Lisa Maire
Wie schon das Schweizer Anthologie-Projekt versammelt auch «19/21 Synchron global» kurze Prosatexte und Gedichte von 135 Autorinnen und Autoren, wobei der zeitliche Rahmen der Auswahl diesmal 50 Jahre weiter zurückreicht – bis 1870. Er habe unbedingt Émile Zola und Victor Hugo mit dabeihaben wollen, erklärt Charles Linsmayer dazu.

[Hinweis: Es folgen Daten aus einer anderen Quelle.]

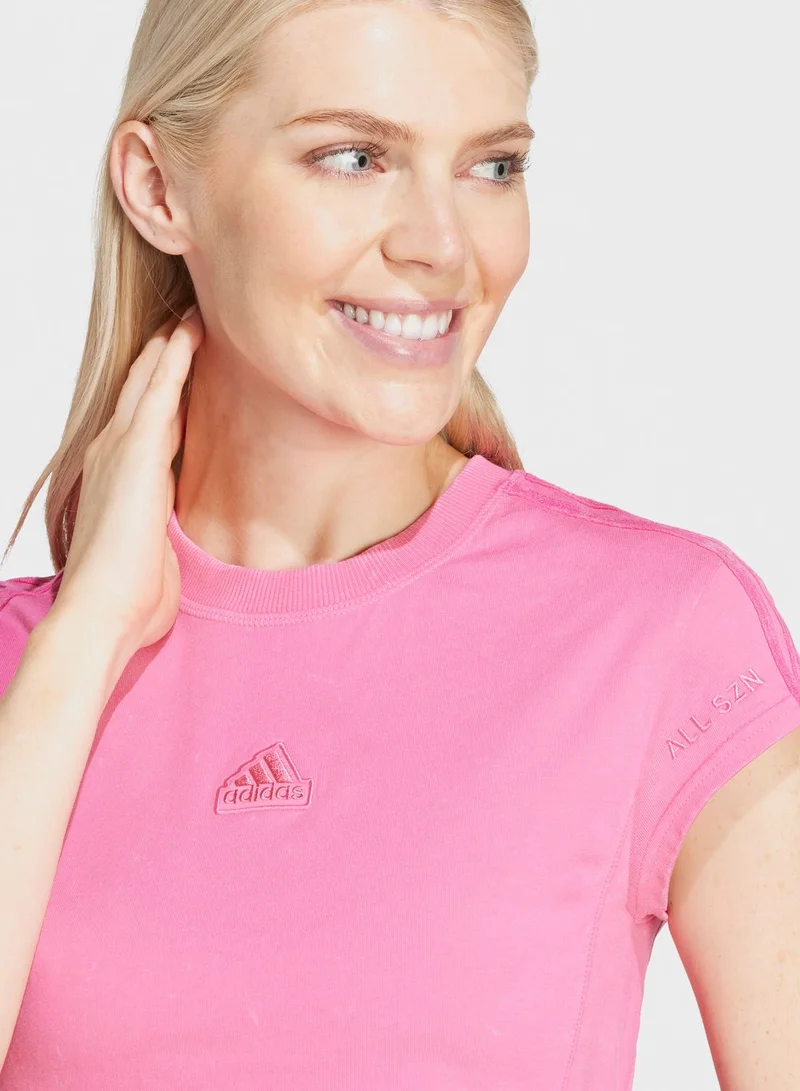 Adidas All Season T-Shirt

Für ihn sind die beiden französischen Dichtergrössen, die sich in ihren Büchern auch mit politischen Zusammenhängen kritisch auseinandersetzten, erste moderne Autoren.

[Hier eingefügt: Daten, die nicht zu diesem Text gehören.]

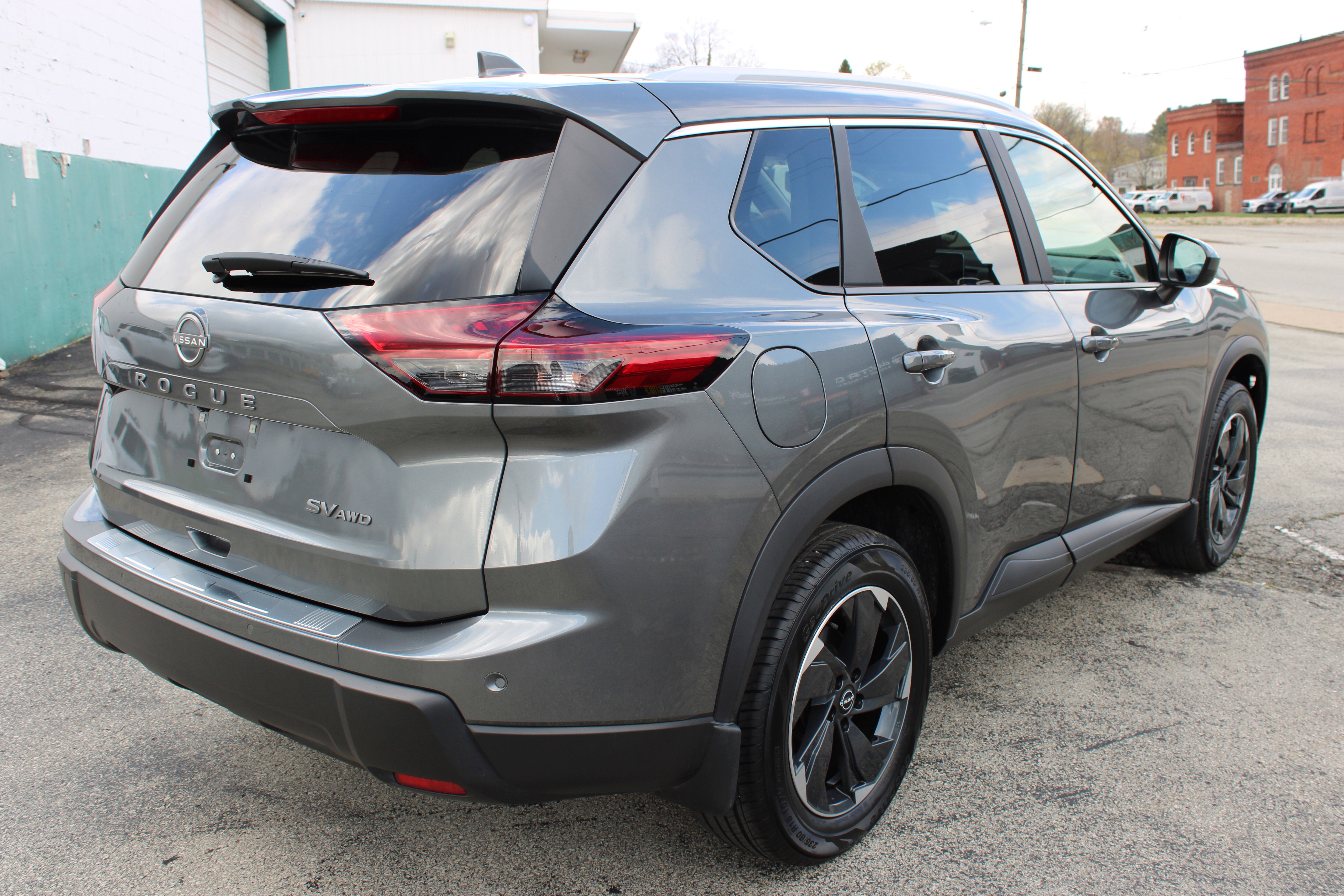 2024 Nissan Rogue SV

Abgesehen vom erweiterten Zeitrahmen ist das neue Lesebuch gleich aufgebaut wie das erste: angefangen bei den Porträts aus der Hand des Fribourger Zeichners Claudio Fedrigo, die Cover und Rückseite des Buchs zieren – und diesmal auch die 135 von Linsmayer verfassten Kurzbiografien – bis hin zu der thematisch geordneten Abfolge der ausgewählten Texte. Das heisst, bedeutende literarische Stimmen aus 45 Ländern und drei Jahrhunderten erklingen «synchron» zu ewig gültigen Themen wie Kindheit, Liebe, Freiheit, Leben und Tod, zu Emigration, Ausgrenzung, Krieg, zu Wahrheit, Satire, dem Schreiben an sich.
Subjektive Auswahl
Wer ein Buch mit «weltliterarisch» untertitle, begebe sich auf schwieriges Gelände, schreibt Linsmayer in seinem ausführlichen Nachwort zur Textauswahl. Denn einerseits wächst der weltweite Kanon der dichterischen Leistungen, denen über die Zeiten hinweg eine kulturhistorische Bedeutung zugeschrieben wurde und wird. Andererseits ist der Begriff «Weltliteratur» – infolge kritischer Neubeurteilungen von Früherem – auch einer ständigen Erosion ausgesetzt.
Das epochale Nachschlagewerk «Kindlers Literatur Lexikon» listet in seiner dritten, starken Neubearbeitung von 2009 insgesamt über 13 000 Werke aus allen Literaturen der Welt. Für sein Buch mit 135 Autorinnen und Autoren beansprucht Linsmayer denn auch keinerlei Repräsentativität. Seine Auswahl sei eine subjektive, die auf eigener Leseerfahrung und persönlichen Vorlieben beruhe, sagt er auf Nachfrage. «Das ging einfach nicht anders. Es gibt keine glaubhaft objektiven Kriterien, nach denen ich mich hätte richten können.»